Givebacks by school district unions? Not so fast . . .

Posted: August 03, 2011

SCHOOL DISTRICT officials will be hard-pressed to get the concessions they asked for from principals, union officials said a day after members learned of the district's giving bonuses to 10 favored principals.

Administrators are scheduled to vote today on a tentative deal reached last month between district and union officials to close a huge budget gap. Details of the deal haven't been disclosed.

Reopening the principals' contract was a hard sell in the first place, but after the Daily News reported yesterday that the district had rewarded or promised $10,000 bonuses to 10 principals with connections to Promise Academies, some said the district killed any chances of getting an agreement.

"It made a lot of people angry," said a union official who has asked not to be identified. "We're in the middle of a crisis and

you're taking out of people's pockets, but giving bonuses."

Robert McGrogan, president of the Commonwealth Association of School Administrators, said many of his members believe that their contract should be honored.

"Dr. Ackerman [has] a contract that she expects to be honored, but unions have been asked [to make] concessions related to theirs," he said.

For her part, Ackerman worked 20 days without pay and delayed taking a $100,000 performance bonus.

In response to union members' concerns, district spokeswoman Jamilah Fraser said last night that officials have a "solid and strong relationship with union partners" and are ready to deal with any concerns that may come up.

"We listen and look to address all concerns they may have in the past and in the future," Fraser said.

The district's five unions were asked for $75 million in employee givebacks to help stave off further cuts to jobs and programs.

The principals' union and the union that represents maintenance workers were the only two to agree to renegotiate contracts.
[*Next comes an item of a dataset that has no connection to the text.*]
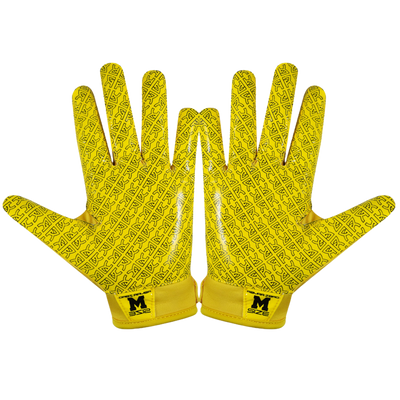 Yellow Reyrr Zero gloves with grip-enhancing pattern and medium size label for football and floorball players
Their ire was rekindled after district officials this year and last gave four principals the extra pay for helping shape and implement Ackerman's key but controversial Promise Academy initiative, which overhauls struggling schools with new resources.

In November, officials plan to hand out six more to leaders who stayed at their schools past their first year.

Many of their colleagues throughout the district say they are perplexed by what they perceive as the district playing favorites. Meanwhile, others say that persistent rumors of Ackerman possibly leaving have left them skeptical of what lies ahead.

"We're waiting around to see what's going to fall next," said the principal of a South Philadelphia school, who spoke on the condition that he not be identified. "Ackerman is not going to be here much longer, and we're voting on something that's going to affect us in the long run."